Becky Bace was not the kind of computer security expert who appeared on talk shows, trying to literally scare up interest in whatever she was selling. She was a strong voice of reason in the information security community, a champion for women in the industry, and an encourager of security researchers everywhere. And she was my dear friend.

Becky died unexpectedly on March 14 after a brief illness. The security community, and the people who were eventually protected by her work, will be poorer for her loss.

Chief strategist at the Center for Forensics, Information Technology, and Security at the University of South Alabama, Becky struggled against the discrimination against women pervasive in the industry, but persisted anyway, becoming one of the principal pioneers of intrusion detection technology.
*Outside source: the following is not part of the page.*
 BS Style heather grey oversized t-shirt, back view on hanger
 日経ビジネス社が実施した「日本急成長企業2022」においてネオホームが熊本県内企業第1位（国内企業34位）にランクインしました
Entire companies exist because of the work of Becky and her colleagues.

Becky and I met when she was nominated as a possible judge for the first Hacker Court in 2001, which I organized at the Black Hat computer security conference in Las Vegas and would run every year until 2011. The mock trial demonstrated challenges in presenting technical evidence in court.

Many wonderfully talented people were involved in Hacker Court at the time, cybersecurity and privacy luminaries including (but hardly limited to) Jennifer Granick, Jonathan Klein, Jack Holleran, Richard Salgado, Paul Ohm, Richard Thieme, and Kevin Bankston. Jack Holleran knew Becky and thought she’d get a kick out of it. Of course, I knew who she was—I even had her book, Intrusion Detection.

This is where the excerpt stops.